Mills explained how the idea for the Hub for Beyond 21 began in 2009 to address the need for support for adults with developmental disabilities who age out of the school system at 21-years-old.
“We now have 50 families, nine staff and a waiting list of about 10 other families,” said Mills. “And we now have this beautiful building to act as a hub.”
Mills said that so far, the campaign has raised over $150,000 with a goal of reaching $750,000 by May 2020.
That money will be used to install a kitchen, accessible washrooms, a recreation space and a space for those who are sensory sensitive.
“All of this is to meet the sensory and physical needs of adults with disabilities,” said Mills. “I’m honoured to be the chair and the face, but it is everyone here who will be going out and asking.”

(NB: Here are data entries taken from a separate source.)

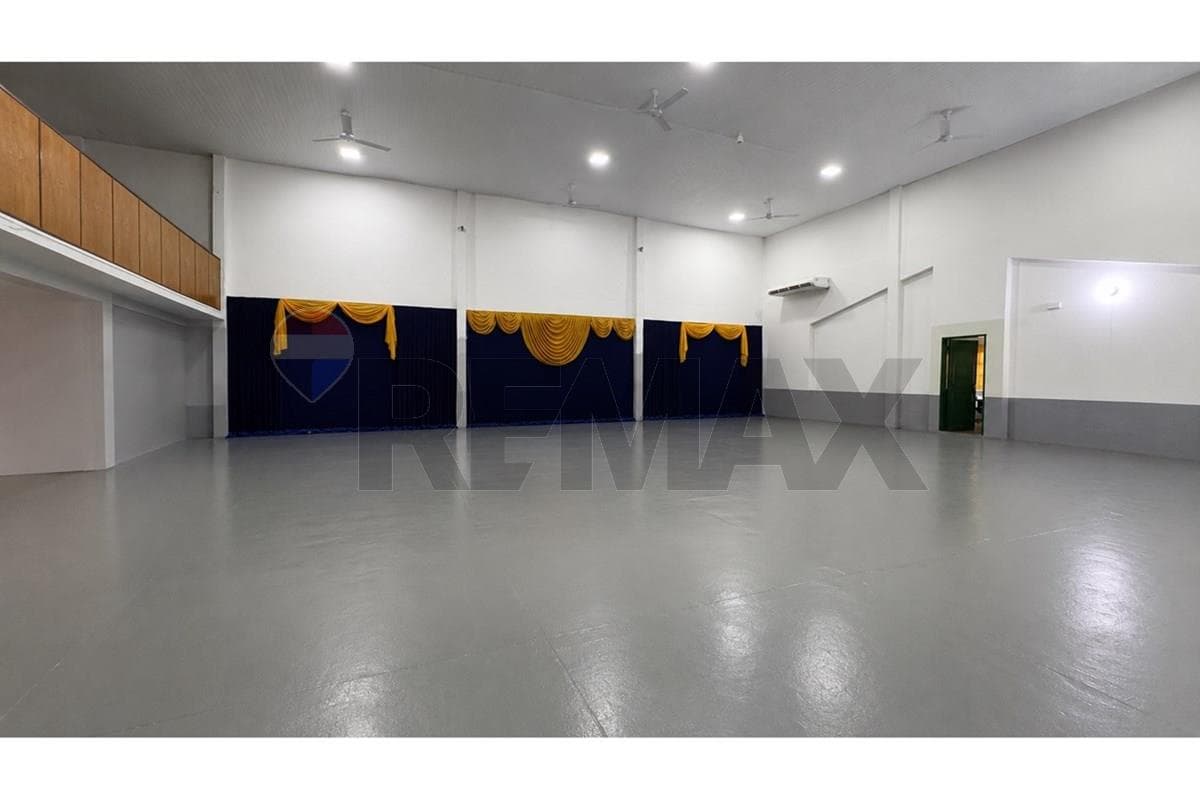 Local comercial en Tte. Rojas Silva esq. Herminio Gimenez - foto 2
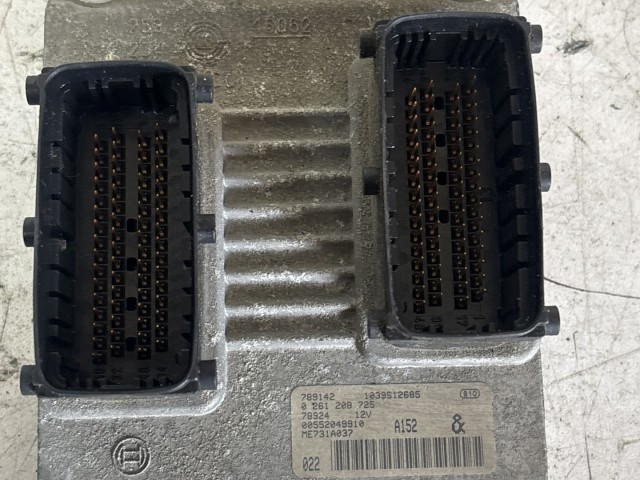 219345 Alfa Romeo GT 2003-2010 1,8 16v benzin motorvezérlő szett 50506303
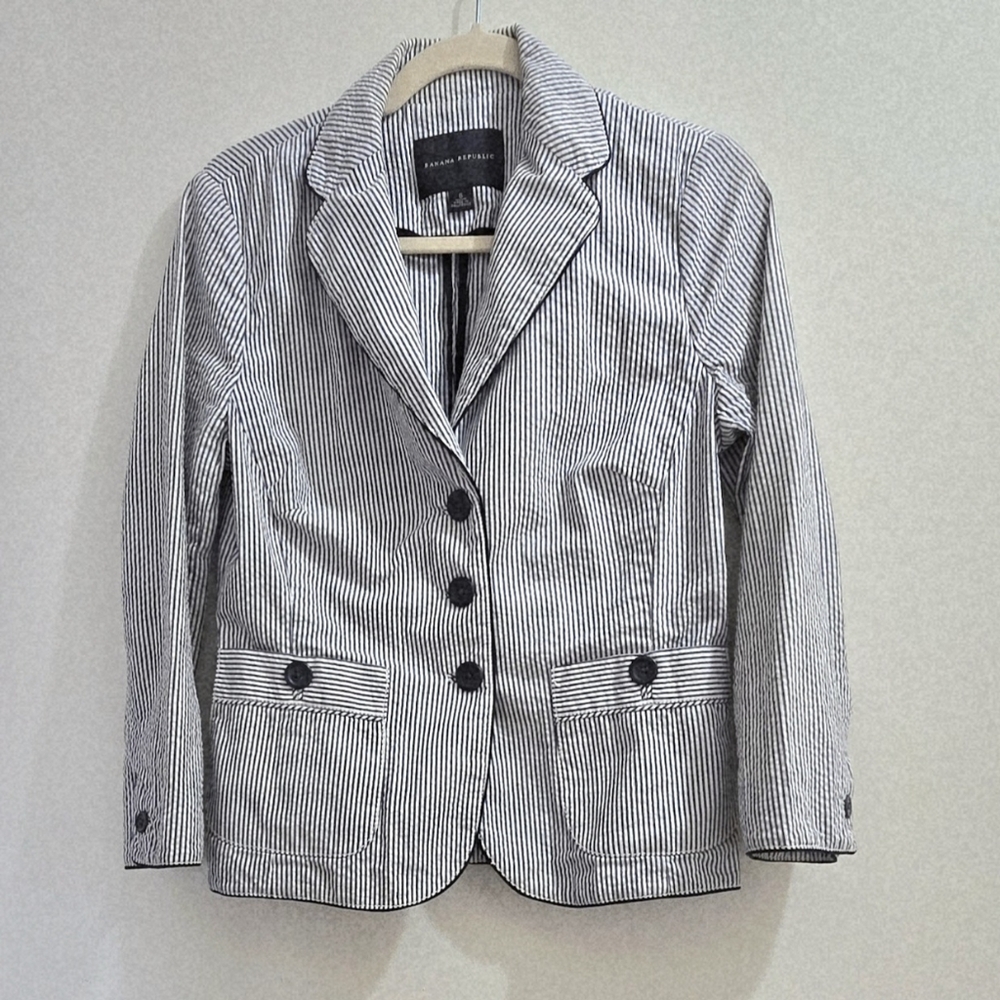 Vintage Banana Republic Blue & White Stripe Seersucker Blazer size 6
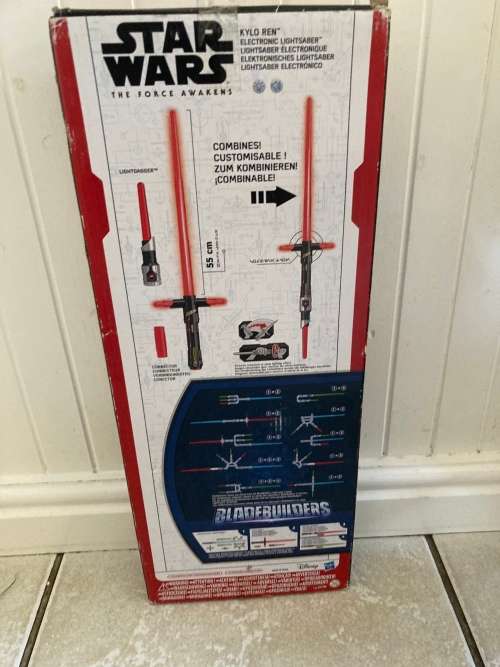 STAR WARS Darth Maul Electronic light up & sound effects blade lightsaber. Hasbro Toys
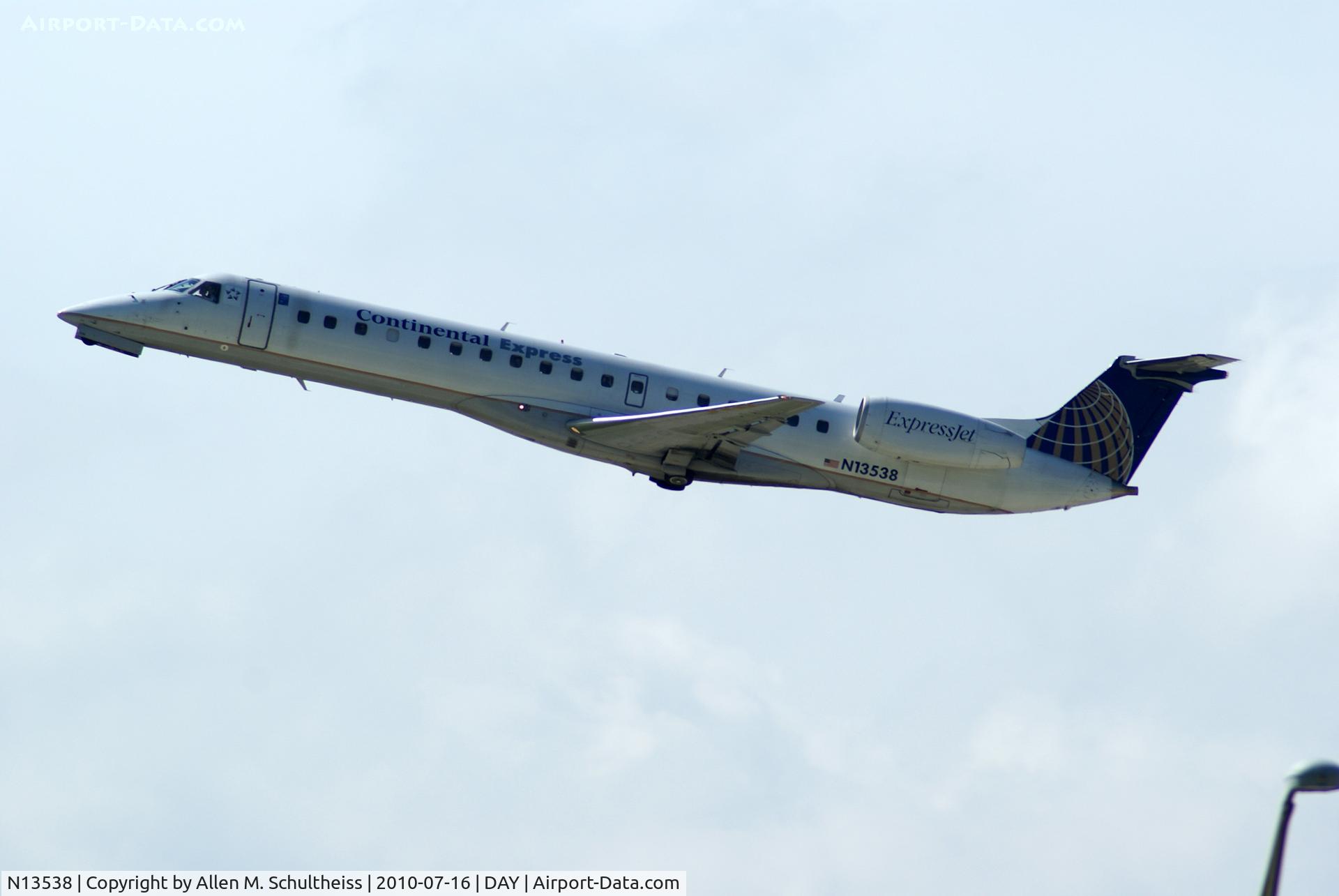 N13538, 2001 Embraer ERJ-145LR (EMB-145LR) C/N 145527, 2001 Embraer EMB-145LR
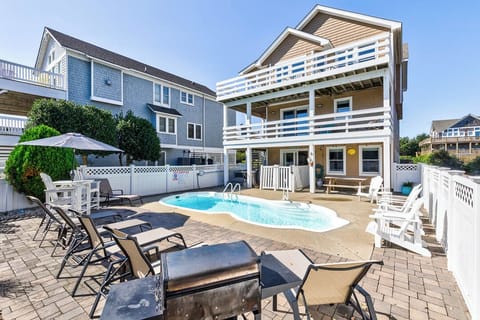 Private Pool Area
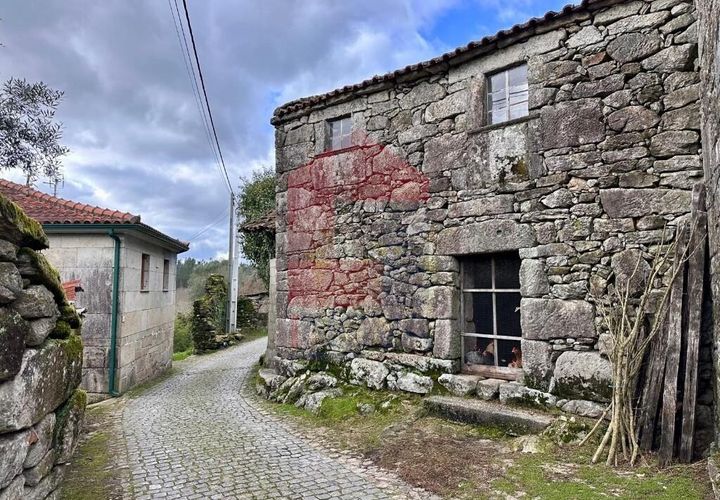 Byhus i Ponte da Barca, Viana do Castelo, Ponte da Barca - € 25.000 | Ref: 08801 - foto 1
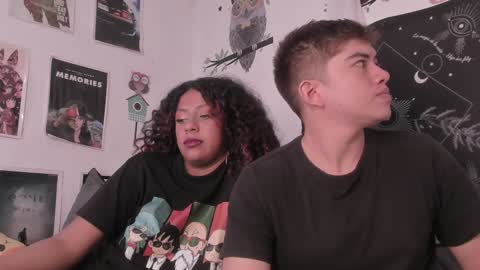 Snapshot of hothoneychile chatting on 12/15/24, 02:19 Sam and Nico online show from 12/15/24, 02:19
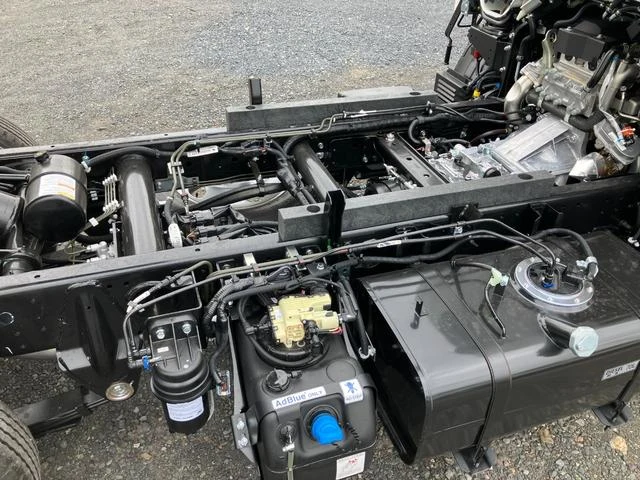 Mitsubishi Fuso CANTER 29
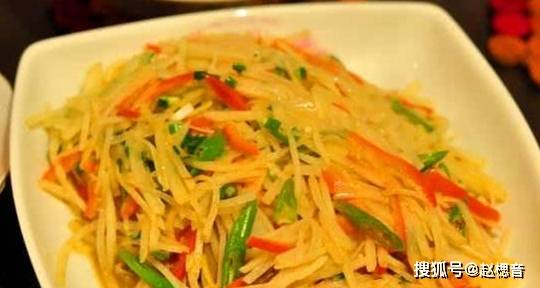 土豆丝炒鸡胸肉教程 35997d5d1e264f6584f2a9bbea2cbfdb.jpeg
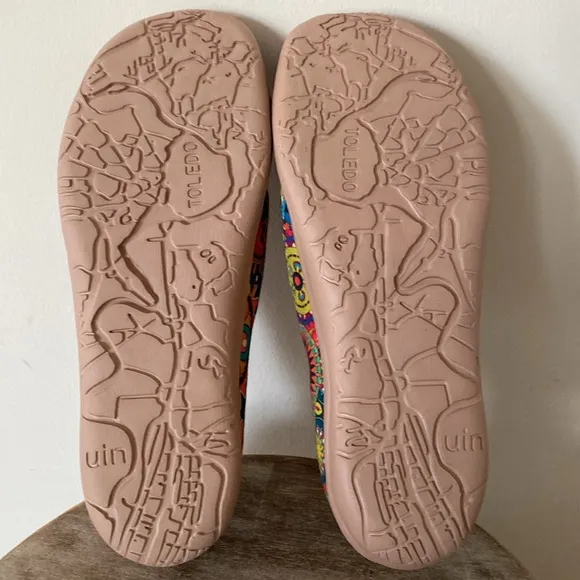 UIN Floral Design Blossum Toledo Canvas Slip On Shoes Size 8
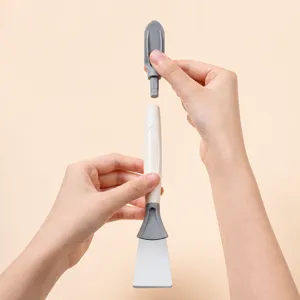 Spazzola per pulizia cucina multifunzionale con testa rimovibile per piano cottura e fughe.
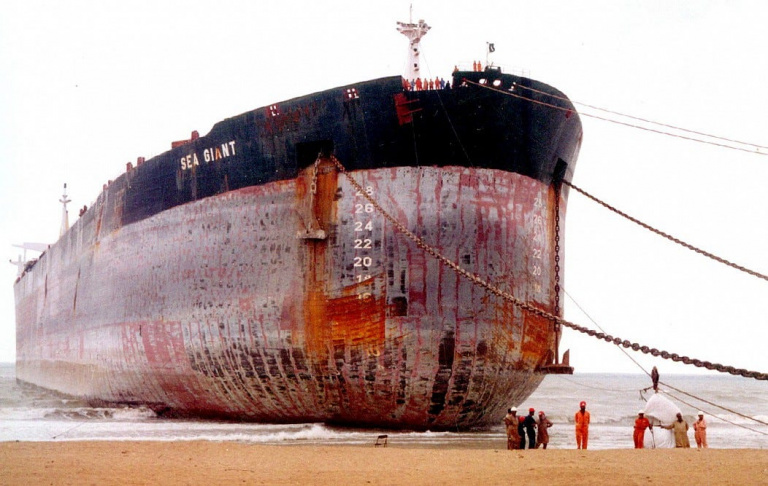 Seawise Giant : le plus long bateau qui ait jamais navigué sur les mers était plus long que la Tour Eiffel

Tish Humphries thanked several individuals and businesses who helped Beyond 21 get to their current stage including Sandy Cameron Realty who helped them find the space, Red Robbin Window Cleaning who cleaned the windows of the new space free of charge, and Grant Marion Construction, who will be doing the renovation work.
Humphries said that she hoped to open the doors to the new home of Beyond 21 in the Fall of 2019.
Beyond 21 also unveiled their new logo, created by local artist Tracy Lynn Davies. The logo is of five faceless adults with the motto “a Place to Belong”. Humphries explained that the new logo emphasizes how the disabled adult population is still invisible to many.